Brown Marmorated Stinkbug
Native to the far east, it’s likely they came over aboard ship. First showing up in 1998 in Pennsylvania the were documented in Portsmouth for the first time in 2010. Although they look like something out of the movie “Starship Troopers” they don’t attack humans or pets, but they put out a nasty smell if handled or stepped on.
These were native to Europe but are now here in the US and Canada. It should be noted that the name “Cluster Fly” covers several species of the fly. The basically look like big, slow houseflies. You’ll usually find them bouncing off your windows. They are generally harmless, but they are annoying none the less. Nothing your trusty fly swatter can’t handle.
Multi-colored Asian Ladybug
They first became known in the Granite state in 1994. Their marking can vary greatly between no spots up to as many as 22. They can be beneficial as they eat soft bodied insects like aphids, small caterpillars etc. Mainly clustering in trees, the problem comes when those trees are in proximity to light colored buildings. They may bite when handled.

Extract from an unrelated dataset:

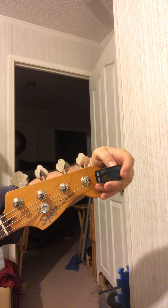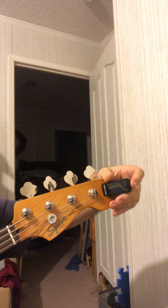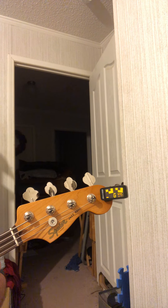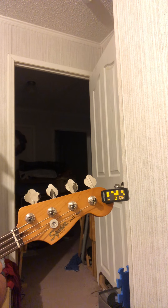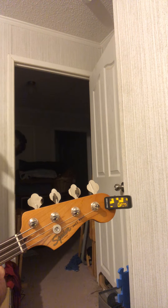You turn it on — I've already got mine set for presets. When it's in tune, the strobe is pretty much at a standstill. When it's going to the left or right, it's sharp or flat.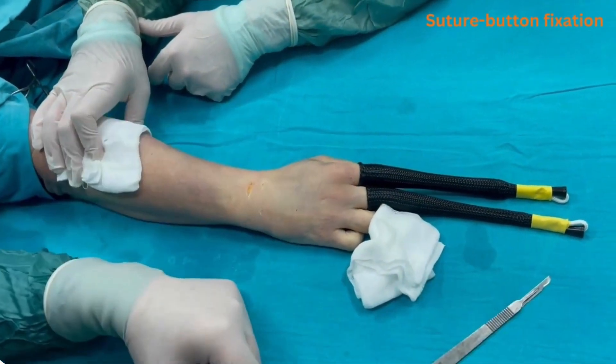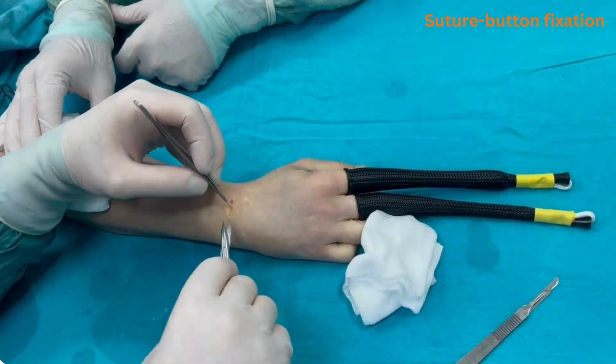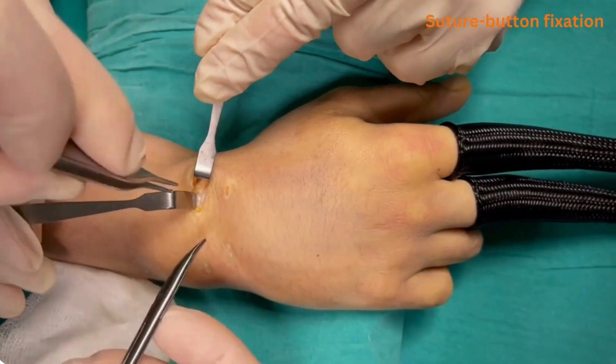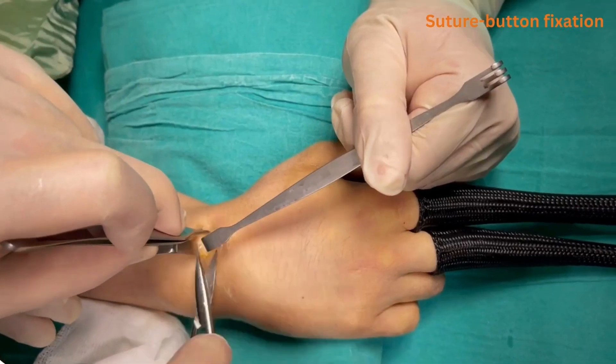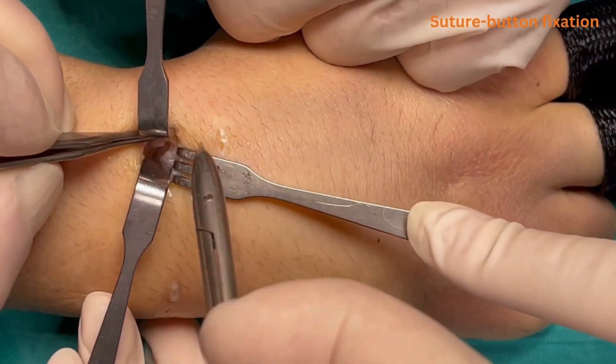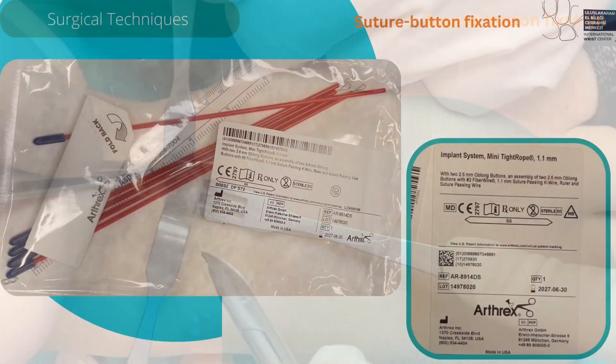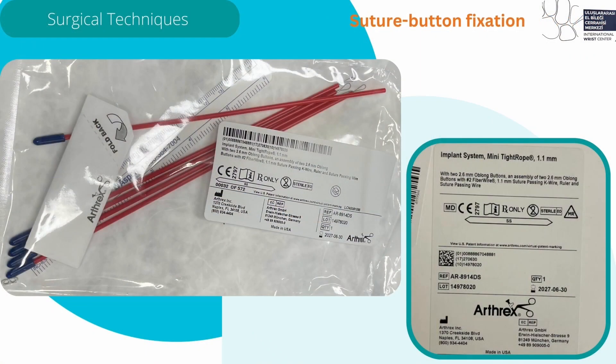Traction is released and the hand is placed on the operating table. The 3-4 portal incision is extended. The extensor tendons EPL and ECRB are retracted. Then the dorsal capsule is opened over the scapholunate ligament. We use the 2nd generation Arthrex SB system.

Unlike its Asian counterpart, this beetle will invade structures in muck lower numbers. They are smaller and do not bite humans. They are just as beneficial though, eating much the same cuisine as the Asian Ladybug.
Western Conifer Seed Bug
These guys migrated from the West to Sullivan and Cheshire counties with the first documentation in 1997. They feed on the seeds of trees like Pine, White Spruce and others. Although they will have a foul odor if crushed, they are not Stinkbugs. They also don’t bite when handled.